I’ve got a new problem. Now that I’m reading more critically, how do I keep track of all the info I’m stuffing into my noggin?
While I’m a note taker and a notebook addict in general, I don’t have a consistent system for organizing shiny new learning.
Have you ever read a book passage that you’re certain could one day be applicable to your life? But, between your shopping list, work to-dos, and your aunt’s upcoming birthday, the passage quickly fades from your memory causing you to draw a blank when you really need to reference it. Source: Zapier
Time for a refresher course on taking notes. One of these seven techniques is bound to suit your style.
1. Outline Method
- Create main topics with bullets below each topic
- Leave white space between topics for your own thoughts, analysis, reflections, summary, thought provoking questions
- Draw a box around your own thoughts so they stand out
- Highlight the box to make it stand out further; try colored highlights to signify different things such as questions, ideas, cross-references
2. Cornell Method
- Invented by (you guessed it) Cornell University
- Divide the page into three sections:
- Left margin is for questions, keywords, main points
- Note taking section is about 75% of page and used for note taking, using the outline method, main topics with bullets
- Bottom 2 inches of the page is summary of the basic points on the page
- Review your notes by covering the note taking section with your hand or folding the page over.
- Recite. Based on the cues, keywords and main points in the margin, try to recite the note. If you can’t, it means you may have left out a main point.
- Reflect on what you’ve learned and add any cross references from other notes to the margin
3. Mind Mapping
- Write down main ideas rather than bullet points or sentences
- Connect ideas with boxes, arrows, and circles
- Not as much a study aid as the other two methods above but designed to improve or stimulate your understanding of the material as you are reading it.

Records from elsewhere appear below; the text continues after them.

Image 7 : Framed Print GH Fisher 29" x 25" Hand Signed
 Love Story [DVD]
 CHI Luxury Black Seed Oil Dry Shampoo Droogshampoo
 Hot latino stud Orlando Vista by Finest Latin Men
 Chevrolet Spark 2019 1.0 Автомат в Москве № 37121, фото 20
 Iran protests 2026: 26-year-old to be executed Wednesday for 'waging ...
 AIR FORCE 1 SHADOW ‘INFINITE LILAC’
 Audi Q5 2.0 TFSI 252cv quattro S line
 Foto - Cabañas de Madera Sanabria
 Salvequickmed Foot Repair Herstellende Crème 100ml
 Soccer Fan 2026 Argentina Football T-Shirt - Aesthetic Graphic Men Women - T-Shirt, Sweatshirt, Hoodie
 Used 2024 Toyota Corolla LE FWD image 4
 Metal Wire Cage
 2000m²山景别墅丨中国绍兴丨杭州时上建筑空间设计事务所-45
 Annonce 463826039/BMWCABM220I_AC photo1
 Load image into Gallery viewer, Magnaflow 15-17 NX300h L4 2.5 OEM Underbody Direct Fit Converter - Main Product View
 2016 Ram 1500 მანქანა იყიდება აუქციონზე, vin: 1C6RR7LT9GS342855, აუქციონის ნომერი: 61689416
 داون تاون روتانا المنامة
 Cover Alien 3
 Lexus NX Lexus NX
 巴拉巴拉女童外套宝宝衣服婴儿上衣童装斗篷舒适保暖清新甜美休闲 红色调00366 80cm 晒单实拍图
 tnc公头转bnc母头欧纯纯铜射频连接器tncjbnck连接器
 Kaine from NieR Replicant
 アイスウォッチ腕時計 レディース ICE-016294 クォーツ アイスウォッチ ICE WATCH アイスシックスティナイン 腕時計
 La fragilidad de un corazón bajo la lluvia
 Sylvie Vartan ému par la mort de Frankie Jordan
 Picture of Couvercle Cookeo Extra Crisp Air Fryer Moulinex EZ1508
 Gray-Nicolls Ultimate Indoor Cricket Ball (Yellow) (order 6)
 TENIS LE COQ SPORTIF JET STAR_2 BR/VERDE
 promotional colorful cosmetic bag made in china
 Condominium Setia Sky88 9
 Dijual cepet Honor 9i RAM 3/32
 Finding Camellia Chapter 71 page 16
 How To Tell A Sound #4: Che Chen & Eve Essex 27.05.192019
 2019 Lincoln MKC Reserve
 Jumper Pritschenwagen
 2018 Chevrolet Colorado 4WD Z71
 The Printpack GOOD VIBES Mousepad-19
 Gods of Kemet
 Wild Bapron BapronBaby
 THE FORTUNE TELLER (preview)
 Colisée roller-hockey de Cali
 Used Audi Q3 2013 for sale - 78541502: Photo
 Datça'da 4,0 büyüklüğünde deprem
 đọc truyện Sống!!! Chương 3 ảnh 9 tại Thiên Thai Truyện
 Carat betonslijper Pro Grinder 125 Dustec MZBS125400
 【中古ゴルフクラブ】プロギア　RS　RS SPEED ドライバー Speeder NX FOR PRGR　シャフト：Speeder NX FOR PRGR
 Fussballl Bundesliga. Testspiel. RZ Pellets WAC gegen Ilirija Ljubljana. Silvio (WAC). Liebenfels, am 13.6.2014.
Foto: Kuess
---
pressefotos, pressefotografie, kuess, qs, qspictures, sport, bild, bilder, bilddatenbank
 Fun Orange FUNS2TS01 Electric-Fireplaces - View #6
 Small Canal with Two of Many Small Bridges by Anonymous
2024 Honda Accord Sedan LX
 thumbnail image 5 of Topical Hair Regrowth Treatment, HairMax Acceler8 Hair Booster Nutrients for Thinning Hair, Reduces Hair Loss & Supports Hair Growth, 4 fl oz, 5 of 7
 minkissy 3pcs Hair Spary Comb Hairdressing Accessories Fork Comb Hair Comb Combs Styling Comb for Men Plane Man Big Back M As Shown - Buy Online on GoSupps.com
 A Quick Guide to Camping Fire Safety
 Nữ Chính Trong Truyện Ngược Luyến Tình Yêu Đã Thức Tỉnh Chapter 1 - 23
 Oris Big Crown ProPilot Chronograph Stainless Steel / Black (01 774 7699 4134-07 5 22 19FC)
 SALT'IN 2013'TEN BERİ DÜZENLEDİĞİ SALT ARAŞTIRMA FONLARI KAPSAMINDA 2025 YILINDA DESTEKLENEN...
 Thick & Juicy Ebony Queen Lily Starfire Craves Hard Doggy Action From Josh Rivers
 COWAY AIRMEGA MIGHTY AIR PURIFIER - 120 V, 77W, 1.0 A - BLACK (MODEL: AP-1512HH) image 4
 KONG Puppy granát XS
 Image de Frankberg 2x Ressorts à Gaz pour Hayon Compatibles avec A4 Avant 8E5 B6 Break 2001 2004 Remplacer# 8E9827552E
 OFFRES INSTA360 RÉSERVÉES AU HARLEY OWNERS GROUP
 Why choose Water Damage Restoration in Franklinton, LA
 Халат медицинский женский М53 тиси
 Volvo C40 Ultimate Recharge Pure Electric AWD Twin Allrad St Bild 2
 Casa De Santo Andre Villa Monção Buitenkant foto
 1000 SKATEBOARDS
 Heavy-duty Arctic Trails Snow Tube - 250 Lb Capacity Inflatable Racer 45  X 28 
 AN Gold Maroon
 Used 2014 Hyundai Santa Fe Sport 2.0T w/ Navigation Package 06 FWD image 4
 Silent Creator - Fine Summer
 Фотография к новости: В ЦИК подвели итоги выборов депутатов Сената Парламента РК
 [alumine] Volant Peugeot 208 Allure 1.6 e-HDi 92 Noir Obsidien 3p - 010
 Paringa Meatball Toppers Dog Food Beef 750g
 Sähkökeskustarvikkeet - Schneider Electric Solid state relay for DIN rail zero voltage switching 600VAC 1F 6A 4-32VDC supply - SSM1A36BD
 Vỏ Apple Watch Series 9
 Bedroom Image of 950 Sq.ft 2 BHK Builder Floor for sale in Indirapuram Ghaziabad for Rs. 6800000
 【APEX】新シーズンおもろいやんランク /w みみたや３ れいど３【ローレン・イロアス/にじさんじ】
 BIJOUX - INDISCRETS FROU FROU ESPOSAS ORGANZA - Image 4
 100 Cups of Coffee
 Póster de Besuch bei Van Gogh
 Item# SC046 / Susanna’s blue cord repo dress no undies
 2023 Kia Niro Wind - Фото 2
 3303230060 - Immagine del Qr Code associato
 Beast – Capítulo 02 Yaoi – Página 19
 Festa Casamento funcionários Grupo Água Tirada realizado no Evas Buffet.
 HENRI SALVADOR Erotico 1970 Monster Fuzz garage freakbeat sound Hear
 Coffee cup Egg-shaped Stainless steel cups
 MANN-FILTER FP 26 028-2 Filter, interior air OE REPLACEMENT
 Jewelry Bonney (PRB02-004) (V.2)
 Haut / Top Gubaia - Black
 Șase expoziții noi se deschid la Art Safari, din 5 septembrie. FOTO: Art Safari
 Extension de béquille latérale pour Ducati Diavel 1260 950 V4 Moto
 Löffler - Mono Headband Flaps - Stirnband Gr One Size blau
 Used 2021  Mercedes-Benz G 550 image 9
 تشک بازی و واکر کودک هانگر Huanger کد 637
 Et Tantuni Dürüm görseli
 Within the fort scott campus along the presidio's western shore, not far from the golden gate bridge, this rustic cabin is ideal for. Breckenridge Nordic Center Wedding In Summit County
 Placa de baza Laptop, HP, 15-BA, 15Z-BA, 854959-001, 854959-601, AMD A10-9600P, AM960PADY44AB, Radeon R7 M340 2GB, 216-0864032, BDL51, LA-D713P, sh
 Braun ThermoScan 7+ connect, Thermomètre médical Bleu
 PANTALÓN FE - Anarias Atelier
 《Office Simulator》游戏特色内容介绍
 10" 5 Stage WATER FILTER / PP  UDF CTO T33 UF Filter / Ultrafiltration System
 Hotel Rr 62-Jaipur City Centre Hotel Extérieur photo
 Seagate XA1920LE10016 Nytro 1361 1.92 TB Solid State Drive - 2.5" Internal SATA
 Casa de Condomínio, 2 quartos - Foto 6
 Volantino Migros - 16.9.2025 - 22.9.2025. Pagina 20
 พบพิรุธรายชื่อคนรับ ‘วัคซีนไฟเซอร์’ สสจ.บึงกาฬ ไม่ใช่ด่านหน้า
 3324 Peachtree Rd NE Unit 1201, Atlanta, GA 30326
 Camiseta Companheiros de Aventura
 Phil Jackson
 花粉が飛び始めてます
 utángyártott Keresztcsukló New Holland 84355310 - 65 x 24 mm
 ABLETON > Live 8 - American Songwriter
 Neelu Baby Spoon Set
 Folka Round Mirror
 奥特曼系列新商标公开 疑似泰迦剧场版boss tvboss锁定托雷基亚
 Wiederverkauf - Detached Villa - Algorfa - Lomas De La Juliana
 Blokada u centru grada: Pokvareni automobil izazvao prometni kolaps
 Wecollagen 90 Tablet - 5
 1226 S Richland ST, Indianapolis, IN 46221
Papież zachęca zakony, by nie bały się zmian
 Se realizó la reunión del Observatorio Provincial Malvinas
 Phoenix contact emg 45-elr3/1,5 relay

- More difficult to share with others. Meant to jog your own memory
- Combine with outline or Cornell method by using the arrows to make connections after note taking.
- Create an index of what you read at the beginning of a book. See Shane Parrish and Maria Popova
- Add signifiers or a key to index items to help you remember and cross reference other works. Example: tag items as Quotes, Ideas, Research
- Fast and easy to do, and ideal if your brain likes working in analog, old school formats
- Index is at the front of the book for all time
5. Note cards
- Another analog system (yay!)
- Write, underline, and mark up books with notes in book (as in Index method) and fold up the corner of the page. See Ryan Halliday and Commonplace Book
- Transfer all the notes on the marked pages to note cards after the book is finished.
- Capture a single quote or idea per card, and be sure to include the book and page or source references
- Allows you to organize by topic very easily
- Options include transferring notes into Evernote or Google Docs doc, and using stickies or colored flags instead of folding pages
TIP Copying by hand or typing increases retention over to cut and paste from Kindle. Wait a few days to a week before transferring the notes to process the information better and improve retention even more (power up)
- Also known as visual note taking
- Instead of capturing ideas in the order presented (either by listening to a lecture or reading), use simple drawings and doodles to place different ideas next to one another
- Helps you see the connections between ideas
- Start in the middle of the page with the main topic
- Branch out adding subtopics around the main idea (sounds a bit like mind mapping but with more pictures)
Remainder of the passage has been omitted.